Auto-Recovery Mechanisms
Karpenter — Node Provisioning & Recovery
- Consolidation:
WhenEmptyOrUnderutilized — idle nodes are terminated automatically
- Spot interruption handling: Listens to SQS interruption events; drains and replaces Spot nodes before termination
- Node drift: Nodes using outdated AMIs or configs are replaced automatically when
enable_drift = true
- Recovery time: New node provisioned in 0–10 minutes
KEDA — Pod Autoscaling
- Minimum replicas: 2 for all services (Web, API, Celery, Automator) — prevents single-point-of-failure
- CPU threshold: 60–70% triggers scale-out
- Memory threshold: 80% triggers scale-out
- Scale-down stabilisation: 30 seconds — avoids flapping
- Recovery time: Failed pods rescheduled within 0–2 minutes
Kubernetes Pod Anti-Affinity
All stateless services use preferredDuringSchedulingIgnoredDuringExecution anti-affinity on kubernetes.io/hostname to spread pods across nodes and AZs.
affinity:
podAntiAffinity:
preferredDuringSchedulingIgnoredDuringExecution:
- weight: 100
podAffinityTerm:
labelSelector:
matchExpressions:
- key: app
operator: In
values: ["web", "fastapi-backend", "celery-worker", "automator"]

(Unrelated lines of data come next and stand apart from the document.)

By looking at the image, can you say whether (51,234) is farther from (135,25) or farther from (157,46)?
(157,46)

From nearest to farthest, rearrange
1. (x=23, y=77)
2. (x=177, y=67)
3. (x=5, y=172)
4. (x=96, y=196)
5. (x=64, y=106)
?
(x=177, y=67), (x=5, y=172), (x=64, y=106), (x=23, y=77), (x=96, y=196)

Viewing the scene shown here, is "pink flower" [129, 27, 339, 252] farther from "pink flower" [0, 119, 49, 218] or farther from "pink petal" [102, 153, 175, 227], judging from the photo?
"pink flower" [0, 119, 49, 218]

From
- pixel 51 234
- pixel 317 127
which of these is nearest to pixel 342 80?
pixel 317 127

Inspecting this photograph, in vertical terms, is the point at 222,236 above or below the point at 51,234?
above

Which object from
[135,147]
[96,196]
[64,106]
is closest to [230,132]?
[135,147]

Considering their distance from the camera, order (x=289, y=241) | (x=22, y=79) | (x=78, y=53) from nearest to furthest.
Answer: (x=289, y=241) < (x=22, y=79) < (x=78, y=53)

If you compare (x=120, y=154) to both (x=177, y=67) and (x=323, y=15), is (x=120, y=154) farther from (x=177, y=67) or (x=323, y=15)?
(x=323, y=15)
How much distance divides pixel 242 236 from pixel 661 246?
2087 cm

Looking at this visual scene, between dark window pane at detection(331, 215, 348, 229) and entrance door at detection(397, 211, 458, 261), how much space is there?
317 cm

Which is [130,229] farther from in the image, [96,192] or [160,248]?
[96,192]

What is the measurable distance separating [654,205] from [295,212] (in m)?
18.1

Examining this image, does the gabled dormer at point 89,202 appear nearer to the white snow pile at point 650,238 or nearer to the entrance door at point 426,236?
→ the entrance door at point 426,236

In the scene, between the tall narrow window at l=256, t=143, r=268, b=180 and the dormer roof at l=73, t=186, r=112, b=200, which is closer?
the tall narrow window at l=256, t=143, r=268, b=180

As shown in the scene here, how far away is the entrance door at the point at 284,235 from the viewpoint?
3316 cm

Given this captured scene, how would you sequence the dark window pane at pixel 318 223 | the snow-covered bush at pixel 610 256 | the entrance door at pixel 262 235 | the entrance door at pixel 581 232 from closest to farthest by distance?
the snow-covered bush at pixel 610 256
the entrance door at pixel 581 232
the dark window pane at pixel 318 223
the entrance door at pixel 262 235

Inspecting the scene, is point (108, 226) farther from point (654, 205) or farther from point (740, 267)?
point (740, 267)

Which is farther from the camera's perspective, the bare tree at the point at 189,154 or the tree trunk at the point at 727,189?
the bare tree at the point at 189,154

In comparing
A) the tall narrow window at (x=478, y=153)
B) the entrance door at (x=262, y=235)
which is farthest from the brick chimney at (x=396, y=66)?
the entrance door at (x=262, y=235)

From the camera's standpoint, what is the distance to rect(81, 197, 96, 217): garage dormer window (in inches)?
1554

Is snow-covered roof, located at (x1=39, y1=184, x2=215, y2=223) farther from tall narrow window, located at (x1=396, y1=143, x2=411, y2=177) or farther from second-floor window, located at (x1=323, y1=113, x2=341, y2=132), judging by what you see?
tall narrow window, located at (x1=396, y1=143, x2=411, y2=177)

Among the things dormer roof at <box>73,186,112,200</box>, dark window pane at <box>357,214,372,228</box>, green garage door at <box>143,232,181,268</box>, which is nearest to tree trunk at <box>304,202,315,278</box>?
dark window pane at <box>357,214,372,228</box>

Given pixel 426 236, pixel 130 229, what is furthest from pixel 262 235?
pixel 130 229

topologyKey: kubernetes.io/hostname
Recovery Procedures
Scenario 1: AZ Failure
Expected behaviour: Karpenter provisions replacement nodes in the remaining AZs; KEDA reschedules pods; ALB stops routing to unhealthy targets.
Verification:
kubectl get nodes -o wide # confirm nodes are in healthy AZs
kubectl get pods -A -o wide # confirm pods are running
kubectl get ingress # confirm ALB is routing correctly
No manual intervention is required under normal circumstances.

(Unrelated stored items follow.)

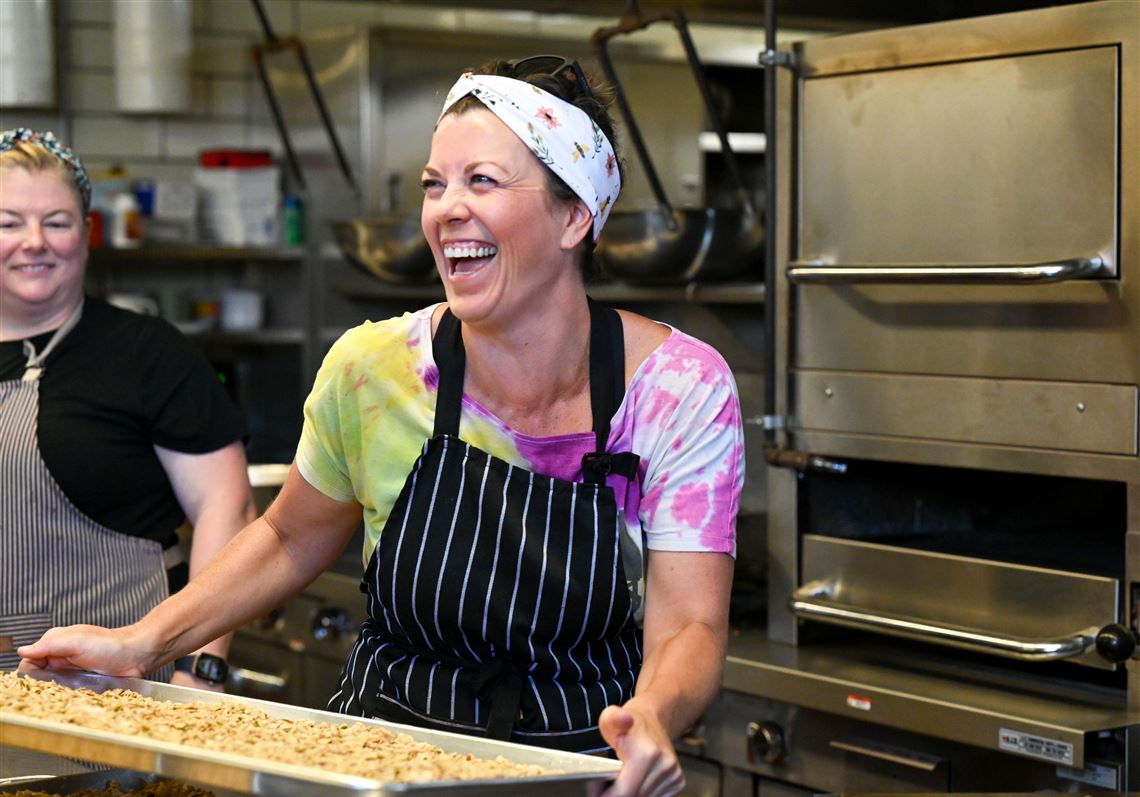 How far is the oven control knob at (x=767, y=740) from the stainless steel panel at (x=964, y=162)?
0.79 m

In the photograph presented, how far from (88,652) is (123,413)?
0.68 m

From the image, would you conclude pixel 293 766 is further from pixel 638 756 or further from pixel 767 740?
pixel 767 740

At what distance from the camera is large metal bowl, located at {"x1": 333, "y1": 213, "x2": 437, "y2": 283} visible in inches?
151

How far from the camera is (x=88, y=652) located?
1.68 m

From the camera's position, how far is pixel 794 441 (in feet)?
8.89

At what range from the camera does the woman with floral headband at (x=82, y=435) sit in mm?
2240

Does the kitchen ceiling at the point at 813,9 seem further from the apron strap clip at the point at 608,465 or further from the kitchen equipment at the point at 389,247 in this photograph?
the apron strap clip at the point at 608,465

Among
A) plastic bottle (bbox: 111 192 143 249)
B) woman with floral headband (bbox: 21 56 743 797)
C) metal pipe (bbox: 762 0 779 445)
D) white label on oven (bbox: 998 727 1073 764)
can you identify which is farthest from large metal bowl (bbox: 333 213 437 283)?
woman with floral headband (bbox: 21 56 743 797)

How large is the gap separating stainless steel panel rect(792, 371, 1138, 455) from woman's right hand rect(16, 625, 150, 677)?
132 cm

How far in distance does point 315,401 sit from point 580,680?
43cm

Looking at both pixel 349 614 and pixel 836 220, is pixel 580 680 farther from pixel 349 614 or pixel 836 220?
pixel 349 614

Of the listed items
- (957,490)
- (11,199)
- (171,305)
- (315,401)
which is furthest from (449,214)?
(171,305)

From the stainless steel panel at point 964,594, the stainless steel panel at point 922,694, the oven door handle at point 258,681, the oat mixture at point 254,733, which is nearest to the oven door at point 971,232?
the stainless steel panel at point 964,594

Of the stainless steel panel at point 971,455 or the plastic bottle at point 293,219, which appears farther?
the plastic bottle at point 293,219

Scenario 2: Postgres Primary Node Failure (CloudNativePG)
CloudNativePG automatically promotes a replica to primary.
# Monitor failover
kubectl get cluster ha-supabase-db -n ha-supabase-db -w
# Confirm new primary
kubectl cnpg status ha-supabase-db -n ha-supabase-db
# Check PgBouncer pooler is pointing to new primary
kubectl get svc -n ha-supabase-db | grep pooler
Applications reconnect via PgBouncer — no connection string change needed.
Scenario 3: Restore EBS Volume from Snapshot
# 1. Find snapshots for the environment
aws ec2 describe-snapshots \
--filters "Name=tag:Environment,Values=<your-env-name>" \
--query 'Snapshots[*].[SnapshotId,StartTime,VolumeSize]' \
--output table
# 2. Create a new volume from the chosen snapshot
aws ec2 create-volume \
--snapshot-id snap-xxxxxxxxxxxxxxxxx \
--availability-zone <target-az> \
--volume-type gp3 \
--tag-specifications 'ResourceType=volume,Tags=[{Key=Environment,Value=<your-env-name>}]'
# 3. Scale down the affected workload
kubectl scale deployment <workload> --replicas=0
# 4. Update the PV to reference the new EBS volume, then scale back up
kubectl patch pv <pv-name> -p '{"spec":{"csi":{"volumeHandle":"<new-volume-id>"}}}'
kubectl scale deployment <workload> --replicas=2
Scenario 4: Full Infrastructure Recreation
Used after catastrophic failure or when rebuilding a region.
# 1. Bootstrap state bucket (if it doesn't exist)
cd terragrunt/environments/<your-env-name>/state
terragrunt apply
# 2. Recreate the EKS cluster and core infrastructure
cd terragrunt/environments/<your-env-name>
terragrunt apply
# 3. Deploy services in order (see Terragrunt Deployment Guide § Phase 6)
ENABLE_CNPG=true terragrunt apply --target='helm_release.local["cloudnative-pg"]'
ENABLE_HA_SUPABASE_DB=true terragrunt apply --target='helm_release.local["ha-supabase-db"]'
ENABLE_SUPABASE=true terragrunt apply --target='helm_release.local["supabase"]'
Estimated RTO: 30–60 minutes for full cluster; 60–120 minutes if EBS/CNPG data must be restored.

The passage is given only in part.